Work to be completed – Starting at the line that holds "Long Life Radon", restate every line word for word up to and including the last one in the listing below, and omit all pictures.

☆ ☆ ☆

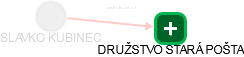 SLAVKO KUBINEC - Vizualizace  propojení osoby a firem v obchodním rejstříku
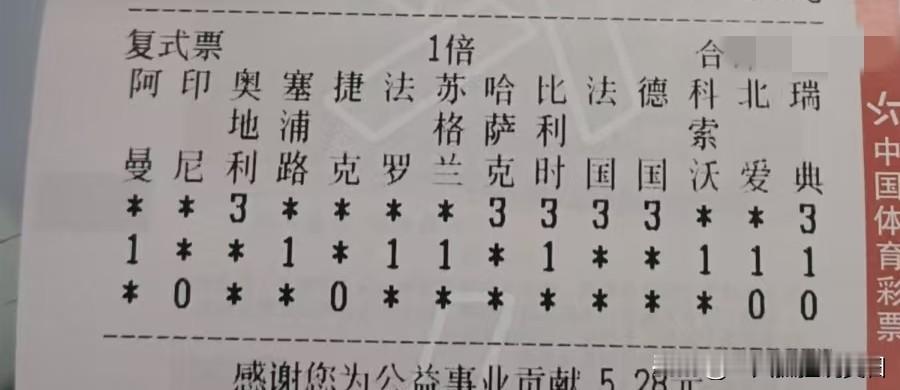 咋不连着一周呢，你整个四天的比赛，……很多人不看好阿曼和印尼，今天能大冷的可能是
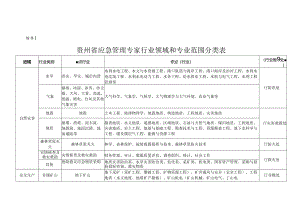 贵州省应急管理专家行业领域和专业范围分类表、申报表、承诺书、审批表、经费发放表.docx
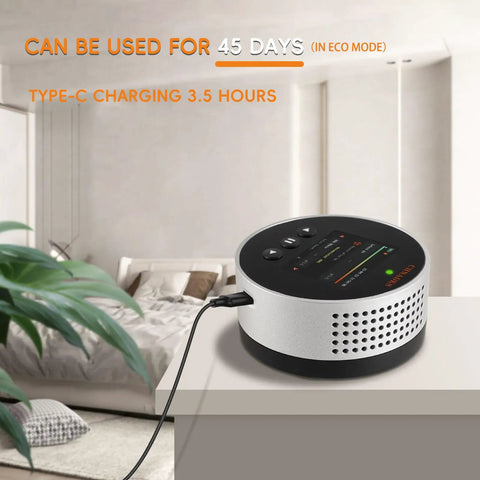 Long Life Radon Detector With 20 Year Sensor And Home Air Quality Monitor, Audible And Visual Alarm, Adjustable Threshold, Real Time Radon Alerts, Easy Setup, Low Power Operation For Safer Home, USB-C charging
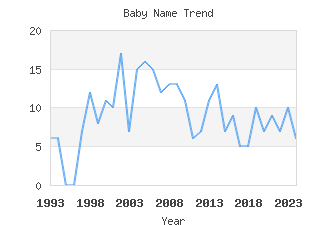 Baby Name Popularity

☆ ☆ ☆

Result of the exercise –
 Long Life Radon Detector With 20 Year Sensor And Home Air Quality Monitor, Audible And Visual Alarm, Adjustable Threshold, Real Time Radon Alerts, Easy Setup, Low Power Operation For Safer Home, USB-C charging
 Baby Name Popularity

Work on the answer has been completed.